Other logical operators, besides 'xor', are not supported since the cardinalities of the entries is a good way to specify any OR and AND relationships.

A special case is the 'always' token, that will be matched always before each of the other matches. This is normally used to remove any leading white space:

    always : {  
        expect: [
            [ LR.WS , '0:m', 'ignore'],
            [ LR.NL,  '0:m' ]
        ]
    },

Note the 'ignore' as part of LR.WS that matches spaces and tabs. This has the effect that LR.WS will not be part of the parser tree output. In contrast, LR.NL that matches newlines will be part of the parser output.
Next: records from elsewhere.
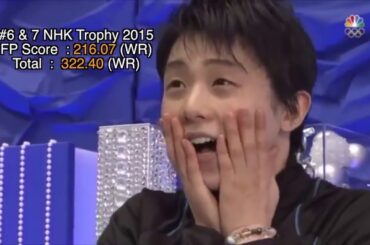 Yuzuru Hanyu   羽生結弦   16 World Records & FIRST to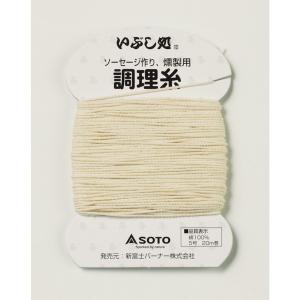 SOTO ST-143 調理糸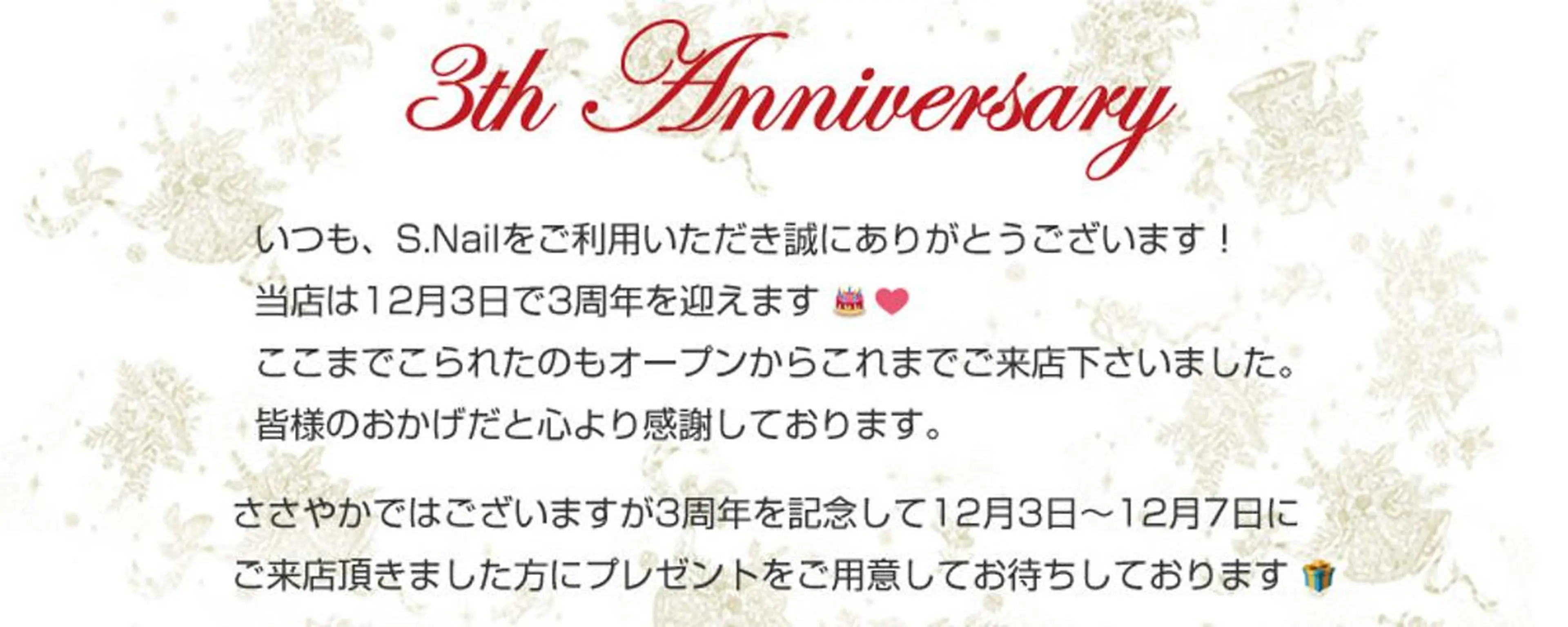 ネイル 西大分S.Nail 𓏲⋆🪸.⋆⸜🫧のネイルデザイン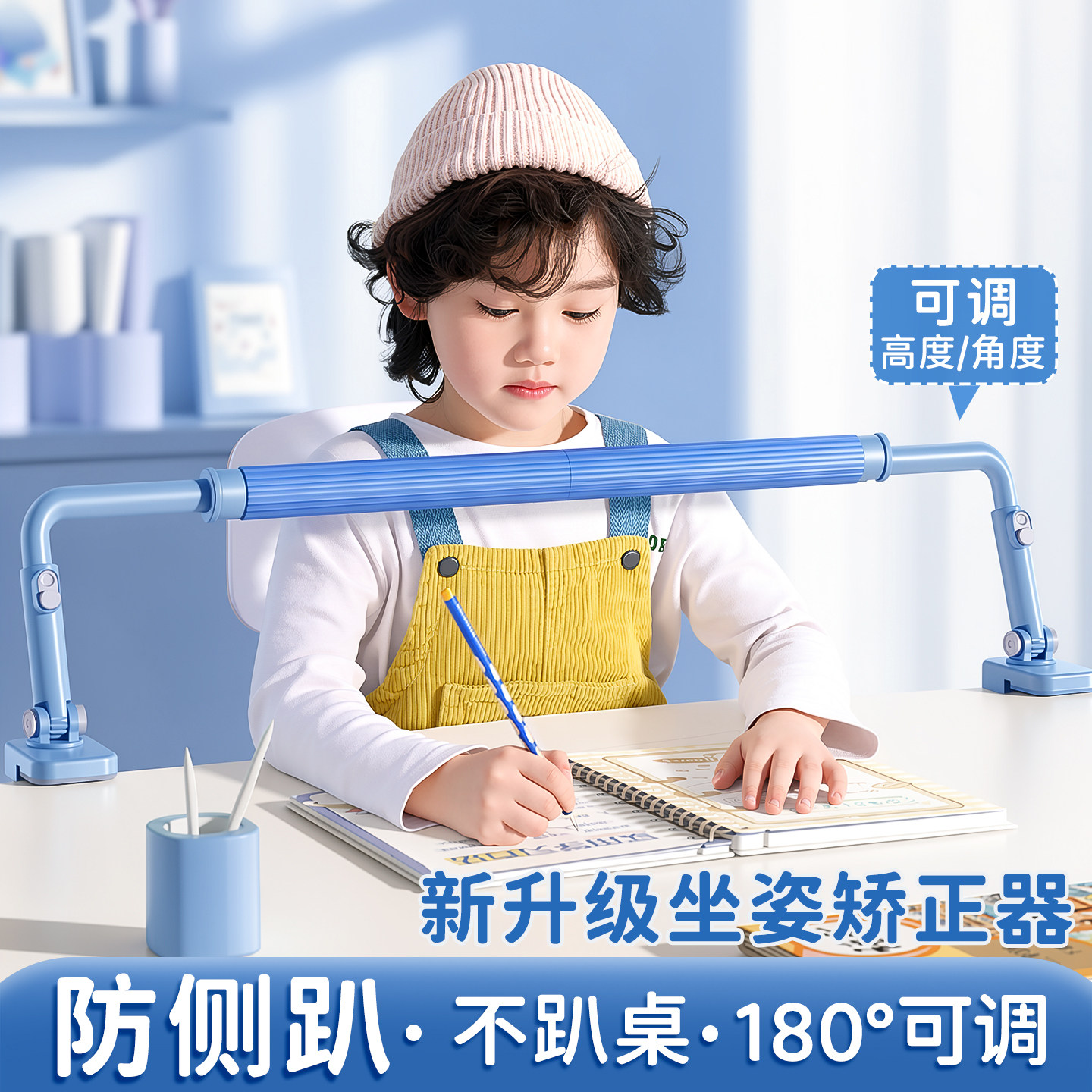 护栏坐姿矫正器杆小学生幼儿园预防近视写字姿势纠正器儿童座姿矫正支架写作业防低头书桌视力保护器写字神器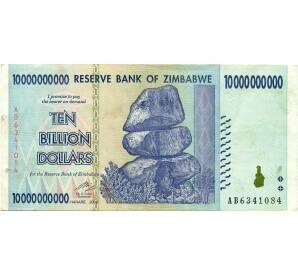 10 миллиардов долларов 2008 года Зимбабве — Фото №1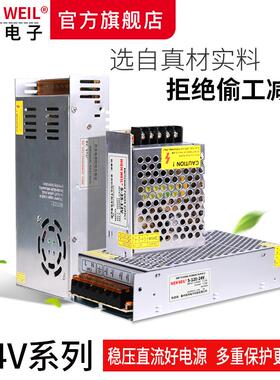 220V转DC24V直流开关电源25W35W60W100W120W200W400W500W600W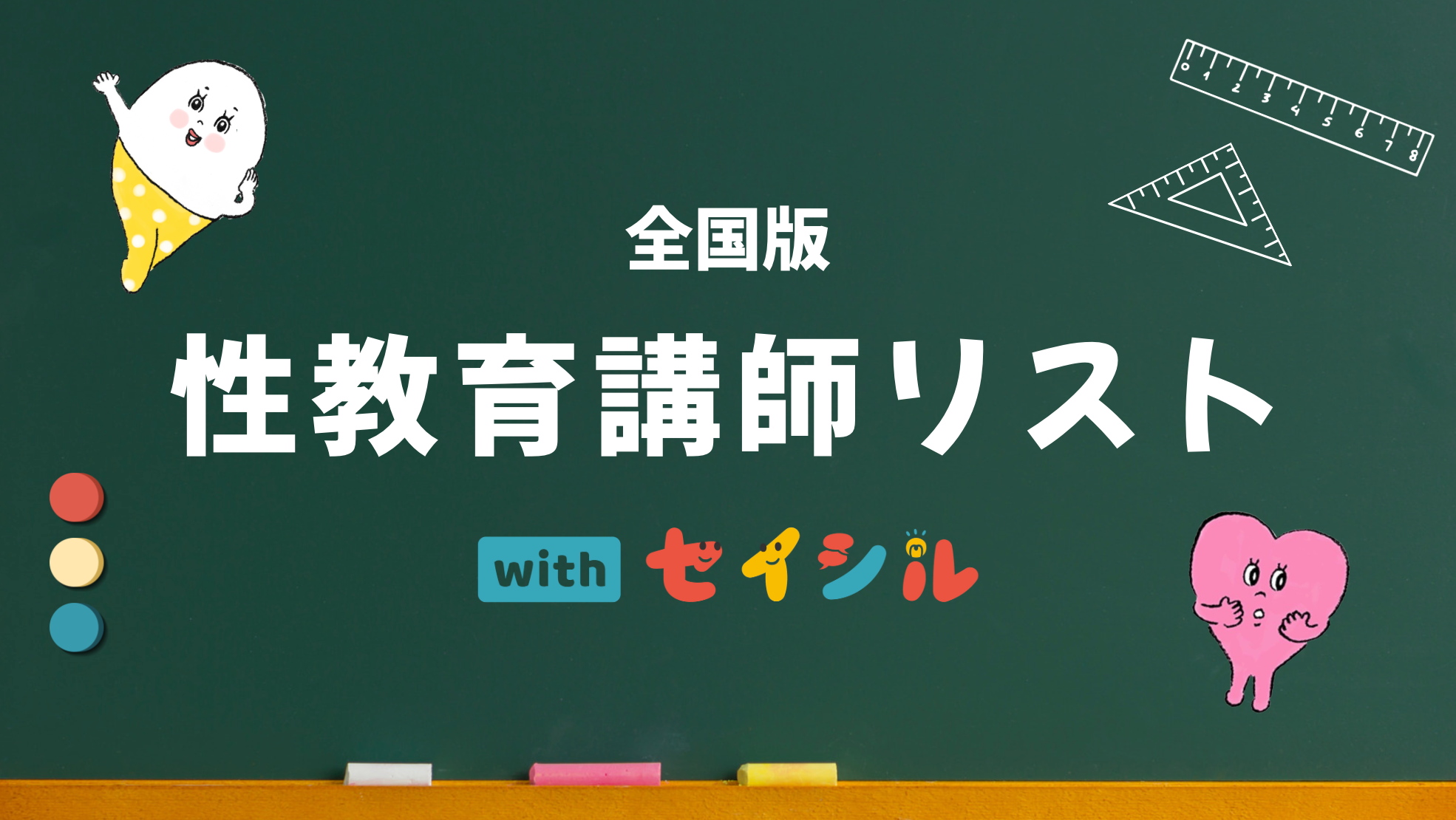 ⭐️性教育講師リスト⭐️出前授業/講座の講師をお探しの方へ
A RHS Lexer Rule reference, i.e. LR.FORM may also have a LHS Parser Rule:

    FORM: {
        multi: '1:m',
        expect: [ 
            [LR.LIST_ENTRY, '1:m' ]
        ]
    },

In this case, when the Lexer Rule LR.FORM is matched, then the RHS Parser Rule FORM is automatically called (in this specific case we will try to match a list of one or more list entries).

Write you own set of Parser Rules

First import some needed TypeScript type and a set of LexerRules:

import { Keys, ParserRules } from 'https://deno.land/x/parlexa/mod.ts'
import LR from './lexerRules.ts'

Then define the parser group-token you need as a TypeScript type, that is the LHS non-terminal symbols to be used within the parser:

export type ParserTokens = 'reset' | 'header' | 'space' | 'form' |'always' | 'duration' | 'chord' | 'common' | 'commonList' 

Now you can instantiate the ParserRules object:

export const PR: ParserRules<Keys<ParserTokens, typeof LR>> = {
    always : {  
        expect: [
            [ LR.WS , '0:m', 'ignore'],
            [ LR.NL,  '0:m' ]
        ]
    },
    reset: { 
        multi: '1:m',
        expect: [
           'header' ,
           'common', 
            LR.SECTION,
            LR.BAR,
            LR.TEXT,
            LR.TEXT2,
        ] 
    },
    (...)

The Keys type above is a Typescript type that allows you to access and use both your ParserTokens and your LR:LexerRules within the PR:ParserRules object.

For more details, have a look at the './examples/parserRules.ts' file.

Debug your Parser

To see how the parser runs, you can set the debug flag parser.debug = true. This will give you information about what the parser is trying to match and on calling parser.getParseTree() it will return the complete parser tree including the failed branches. This can then be pretty-printed.

The output you get looks like this:

TRYING: WS at 358 against: "
|Am     |E7      | Gsus4 G Fs"
TRYING: NL at 358 against: "
|Am     |E7      | Gsus4 G Fs"
MATCHING: NL
NEW POS: 359
TRYING: NL at 359 against: "|Am     |E7      | Gsus4 G Fsu"
TRYING: WS at 359 against: "|Am     |E7      | Gsus4 G Fsu"
TRYING: TEXT at 359 against: "|Am     |E7      | Gsus4 G Fsu"
(...)
TRYING: SECTION at 359 against: "|Am     |E7      | Gsus4 G Fsu"
TRYING: BAR at 359 against: "|Am     |E7      | Gsus4 G Fsu"
MATCHING: BAR